Só o medo pode justificar um aparato policial repressivo como o que presenciamos
Eram muitas grades, o que tornava a circulação na cidade completamente controlada e restrita. Até mesmo os moradores tiveram a movimentação determinada pelas grades. A Praça Tiradentes, em Outro Preto (MG), local da cerimônia oficial, se tornou inacessível às pessoas comuns, sejam turistas, moradores ou manifestantes. Apenas convidados, desde que aplaudissem o palanque.
No trajeto até a cidade, várias barreiras policiais com cavalaria, batalhão de choque, caveirão. Na placa que dava acesso à Praça os dizeres "Bem-Vindos!". Não, nós não éramos bem-vindos.
Historicamente, o dia 21 de abril, em Minas Gerais, é de protestos. Por muitos anos, os servidores públicos levaram à Praça Tiradentes suas palavras de ordem, suas denúncias e pautas. Em 2016, com a presença do ex-presidente do Uruguai, Pepe Mujica, levamos o protesto "em defesa da democracia". Deram-nos a fitinha para colocarmos no braço, o que nos autorizava chegar até à Praça. Mas, nossas faixas e bandeiras não puderam entrar. Nossas bolsas foram revistadas e as grades estavam lá. Mas era o Mujica, era a defesa da democracia. Então, fomos.
Em 2017, diante de tantos ataques, tantas "reformas" que estão deformando o Estado Brasileiro e, por completar um ano do golpe de estado que sofremos, ouvimos falar "Minas se levante contra o golpe", num protagonismo inconfidente. Mas não foi o que aconteceu. Em nenhum momento, o governo estadual gastou seu tempo em construir com os movimentos populares um 21 de abril à altura da luta que precisa ser travada em nosso país. O que fez foi colocar mais grades, revistar nossos ônibus, impedindo que muitos chegassem até à cidade e fazendo com que as pessoas fossem obrigadas a longas caminhadas; as bandeiras, faixas e tambores do MST foram tomados dos militantes pela Polícia Militar. O nosso caminhão de som, que organizaria o ato contra as reformas da previdência, trabalhista e terceirização, assim que ligado foi ameaçado de ser rebocado por um tenente da Polícia Militar.
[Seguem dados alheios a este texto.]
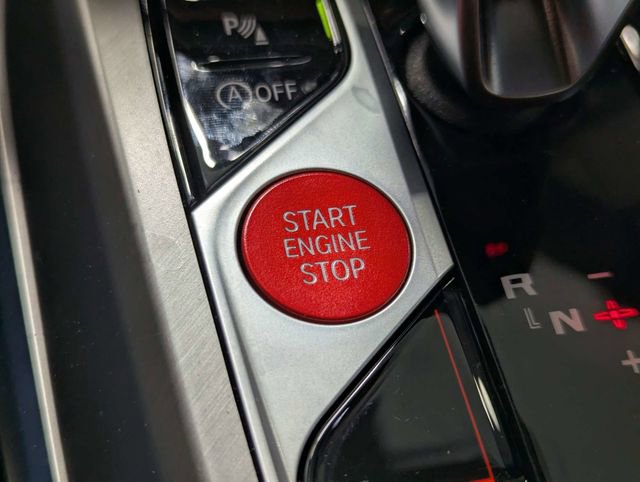 Used 2025 BMW M3 Competition image 22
Antes, durante e após o nosso ato, as pessoas foram impedidas de chegarem até à Praça Tiradentes onde acontecia a solenidade oficial. Do lado de fora, ficaram trabalhadores e trabalhadoras em educação, trabalhadores da Copasa e da Cemig, metalúrgicos, servidores públicos, pescadores, agricultores, trabalhadores sem terra, militantes sociais, atingidos por barragens, entre tantas categorias, mídias alternativas como Brasil de Fato e Mídia Ninja. Mas, nós fizemos um dos maiores atos de Ouro Preto com mais de 5 mil pessoas e com as denúncias sobre as reformas, na semana em que a Câmara dos Deputados tinha aprovado a urgência na votação da reforma trabalhista.
A falsa polêmica "Nós X Eles" não cabe para o momento em que estamos vivendo. "Nós" não podemos criticar governos de esquerda, porque isso ajuda "Eles". É uma despolitização da realidade que me recuso a participar. O que vi é a leitura de que aos movimentos populares cabe o papel de coadjuvante numa estratégia que nem sabemos qual é.
Fazer o nosso ato, sem grades e com a nossa pauta, nossas bandeiras, nossas palavras de ordem foi o que melhor poderíamos ter feito para honrar a data. Na nossa praça não tinham grades! E vários lutadores e lutadoras do povo e movimentos foram reconhecidos e homenageados por nós.
Mas, eu ainda me incomodo com uma questão: de quem eles tinham medo? Porque só o medo pode justificar um aparato policial repressivo como o que presenciamos. Como Nelson Mandela se sentiria numa Praça que não pôde receber o povo?
Beatriz Cerqueira é presidenta da CUT/MG e coordenadora-geral do Sind-UTE/MG.